Les spéculations autour d’un éventuel rachat de Maserati par BYD semblent terminées. Stella Li, vice-présidente exécutive du constructeur chinois, a clairement indiqué que le groupe n’était engagé dans aucune discussion avec Stellantis concernant la marque au Trident. En revanche, BYD poursuit activement sa stratégie d’implantation industrielle en Europe, avec un deuxième site de production toujours à l’étude.
Maserati, une marque admirée mais incompatible avec l’identité de BYD
Interrogée sur les rumeurs d’un possible rapprochement avec Maserati, Stella Li n’a pas caché son admiration pour la marque italienne.
« C’est une très belle marque. Mais est-ce que cela ne nous éloignerait pas trop de notre propre voie ? »
Cette réponse apporte un nouvel éclairage. Plus qu’un simple démenti, la dirigeante laisse entendre qu’une acquisition ne correspondrait pas au positionnement actuel de BYD, qui se présente désormais davantage comme une entreprise technologique que comme un constructeur automobile traditionnel. Elle ajoute d’ailleurs que les relations avec les dirigeants de Stellantis sont excellentes, tout en précisant qu’aucune discussion ne porte sur Maserati.
Cette position rejoint celle affichée par Antonio Filosa. Le directeur général de Stellantis a récemment rappelé devant le Parlement italien que Maserati « n’est pas en vente », tout en confirmant que des négociations sont en cours avec deux partenaires potentiels dans le cadre du plan de relance de la marque. Ces discussions concerneraient des collaborations technologiques et industrielles, dont les premiers détails pourraient être dévoilés avant la fin de l’année, à l’occasion de l’Investor Day consacré à Maserati.

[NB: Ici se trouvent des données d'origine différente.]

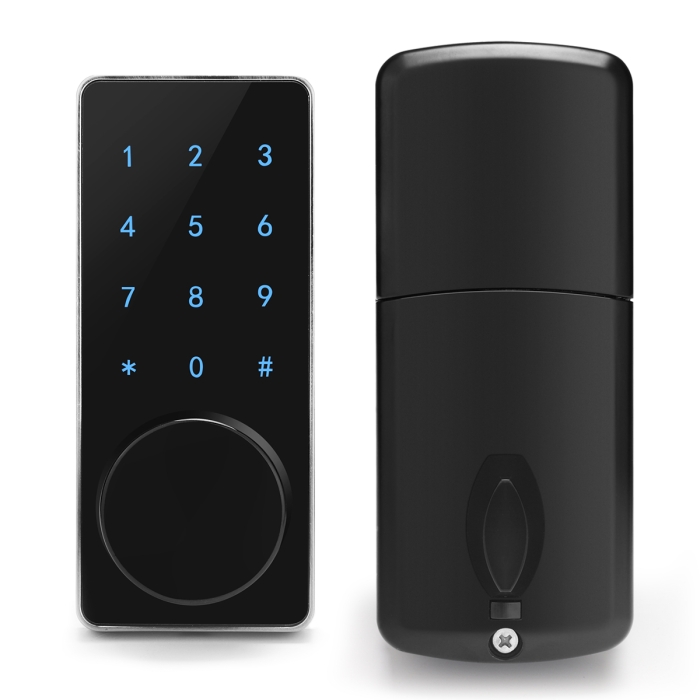 W7 Tuya WiFi Smart Dealbolt Lock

Une deuxième usine européenne toujours en réflexion
Si Maserati ne fait pas partie des projets de BYD, l’Europe reste au cœur de ses ambitions. Après son usine hongroise, dont la montée en puissance prend plus de temps que prévu, le constructeur chinois prépare l’ouverture d’un deuxième site de production sur le continent.

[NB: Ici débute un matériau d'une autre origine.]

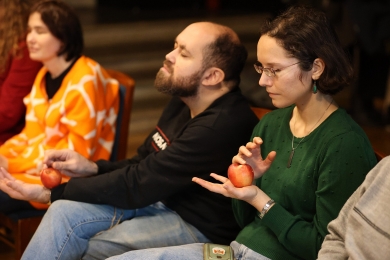 НЕ ЗРЯ. Лаборатория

Il y a encore quelques jours, l’Italie figurait parmi les pays évoqués pour accueillir cette future usine. BYD recherche un site industriel existant, suffisamment vaste et actuellement sous-utilisé afin d’accélérer son implantation européenne.
Toutefois, les informations les plus récentes montrent que le dossier évolue. Selon plusieurs sources italiennes, la France et l’Espagne apparaissent désormais comme les candidates les plus sérieuses, tandis que l’Allemagne reste également dans la course. L’Italie ne serait plus en tête des options étudiées, même si aucun choix définitif n’a encore été officialisé.
BYD veut devenir un constructeur… européen
L’objectif du groupe chinois dépasse la simple production locale. Stella Li affirme vouloir faire évoluer la perception de la marque en Europe.
« Peut-être que dans dix ans, les gens auront l’impression que BYD est une marque européenne. C’est cette perception que nous visons. »
Pour y parvenir, BYD mise sur une production locale, un réseau de fournisseurs européens et de nouveaux investissements industriels. La dirigeante confirme également que le groupe travaille toujours sur un projet d’usine de batteries en Europe. Cet investissement dépendra toutefois de plusieurs critères, notamment la stabilité politique, un environnement favorable aux entreprises et une politique d’accueil des investissements chinois.
Cette stratégie illustre la volonté de BYD de s’ancrer durablement sur le marché européen. Si l’avenir de Maserati continuera d’être dessiné par Stellantis et ses futurs partenaires industriels, le constructeur chinois poursuit de son côté une feuille de route bien différente : renforcer sa présence industrielle sur le Vieux Continent et s’y imposer comme un acteur local à part entière.